Joshua K. Hausman (U-M Gerald R. Ford School of Public Policy), Paul W. Rhode (U-M Economics Professor and Department Chair), and Johannes F. Wieland (University of California at San Diego) released a study entitled, “Recovery From the Great Depression: The Farm Channel in Spring 1933.” It examines the factors leading to the economic recovery following the Great Depression.
The authors emphasize the importance for recovery of the effect of dollar devaluation on farm prices, incomes, and consumption. This "farm channel" may explain 30% or more of the aggregate economy's
recovery in spring 1933. The authors conclude, “To the extent that the farm channel contributed to overall recovery in the U.S., it means that the lessons of 1933 for macroeconomic policy are more nuanced than often assumed. In particular, our work points to the importance of redistribution as a channel for macroeconomic policy.”

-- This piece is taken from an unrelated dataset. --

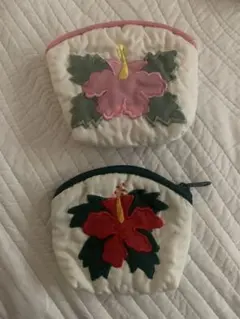 刺繍ハイビスカスミニポーチ2個セット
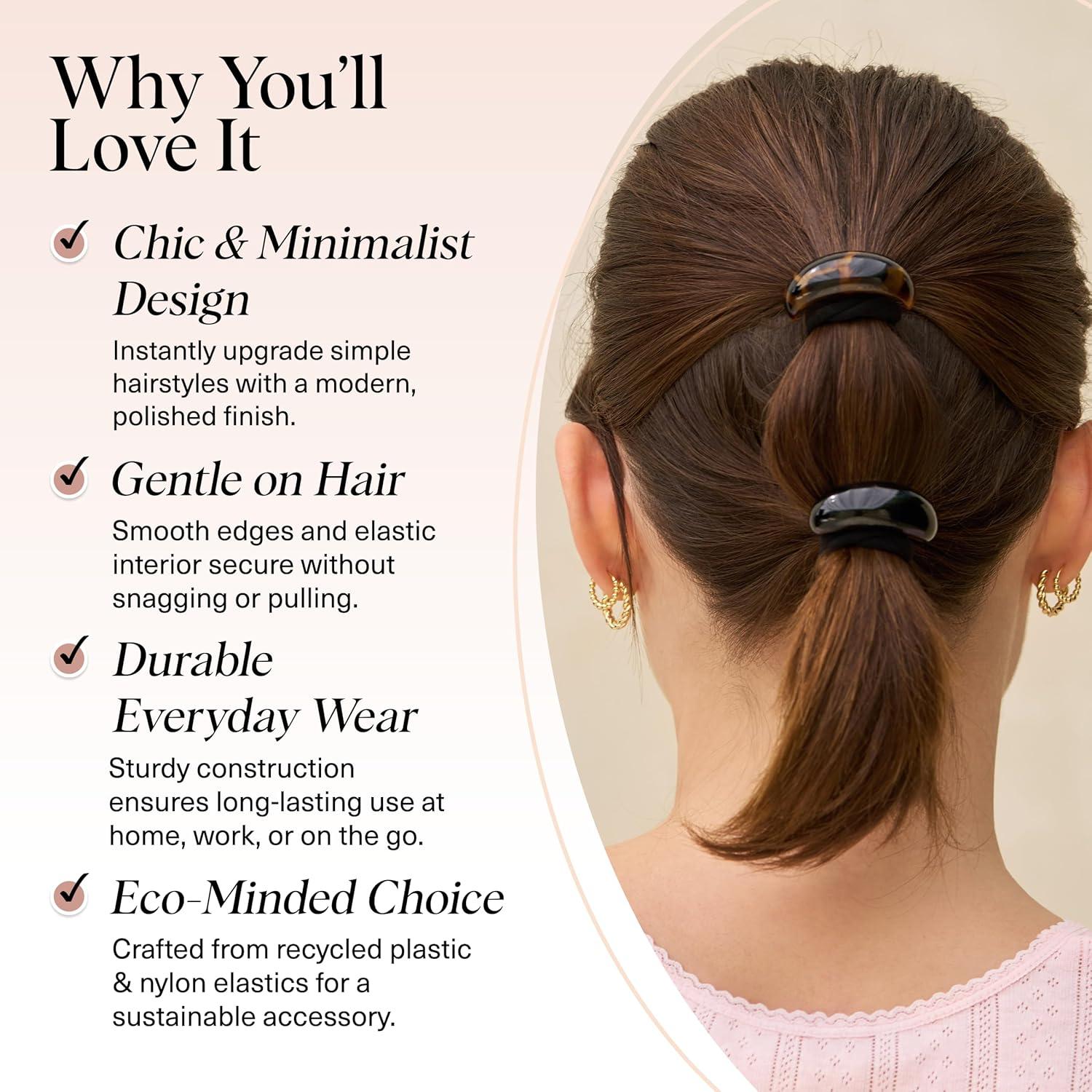 imageKitsch Gold Hair Cuffs  Metal Ponytail Cuff for Women  Durable Elegant Holder for Ponytails Braids ampamp Updos  Gold Hair Accessory  Ideal Gifts for Women  Large 1pcSBlack  Tort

In the four months following the trough of the Great Depression in March 1933, industrial production rose 57 percent. We argue that an important source of recovery was the direct effect of dollar devaluation on farm prices, incomes, and consumption. We call this the farm channel. Using daily spot and futures crop price data, we document that devaluation raised prices of traded crops and their close substitutes (other grains). And using novel state and county auto sales data, we document that recovery proceeded much more rapidly in farm areas. These cross-sectional effects are large, explain a substantial fraction of cross-state variation in auto sales growth, and are concentrated in areas growing traded crops or close substitutes. We also find that given the same exposure to farm price changes, spending rose more in counties with more farm debt. We aggregate our cross-sectional results using a simple incomplete markets model in which indebted farmers have high MPCs. It implies that the farm channel accounts for 30% or more of the spring recovery.